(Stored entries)
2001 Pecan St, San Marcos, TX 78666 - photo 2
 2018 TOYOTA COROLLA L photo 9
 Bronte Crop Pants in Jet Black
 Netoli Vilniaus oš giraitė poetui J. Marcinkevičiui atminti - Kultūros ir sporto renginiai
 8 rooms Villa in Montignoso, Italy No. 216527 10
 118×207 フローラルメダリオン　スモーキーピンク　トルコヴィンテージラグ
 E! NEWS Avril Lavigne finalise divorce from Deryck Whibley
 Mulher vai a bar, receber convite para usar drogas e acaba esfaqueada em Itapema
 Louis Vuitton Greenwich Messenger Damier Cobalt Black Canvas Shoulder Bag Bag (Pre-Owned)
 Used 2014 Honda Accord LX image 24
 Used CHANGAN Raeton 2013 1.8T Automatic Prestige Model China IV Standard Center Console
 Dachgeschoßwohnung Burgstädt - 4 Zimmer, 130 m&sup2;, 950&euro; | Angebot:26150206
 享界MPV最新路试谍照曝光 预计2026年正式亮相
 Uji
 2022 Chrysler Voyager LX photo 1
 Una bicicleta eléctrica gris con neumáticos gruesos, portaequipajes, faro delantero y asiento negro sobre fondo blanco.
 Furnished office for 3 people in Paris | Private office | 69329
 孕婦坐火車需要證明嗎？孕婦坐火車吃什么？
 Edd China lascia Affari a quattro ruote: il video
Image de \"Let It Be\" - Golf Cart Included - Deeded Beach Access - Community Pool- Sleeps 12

[WHAT YOU HAVE TO DO] Please output the line that contains "享界MPV最新路试谍照曝光 预计2026年正式亮相" and every line after it in the entries above, exactly, and nothing more.

[RESPONSE FOR THIS EXERCISE]
 享界MPV最新路试谍照曝光 预计2026年正式亮相
 Uji
 2022 Chrysler Voyager LX photo 1
 Una bicicleta eléctrica gris con neumáticos gruesos, portaequipajes, faro delantero y asiento negro sobre fondo blanco.
 Furnished office for 3 people in Paris | Private office | 69329
 孕婦坐火車需要證明嗎？孕婦坐火車吃什么？
 Edd China lascia Affari a quattro ruote: il video
Image de \"Let It Be\" - Golf Cart Included - Deeded Beach Access - Community Pool- Sleeps 12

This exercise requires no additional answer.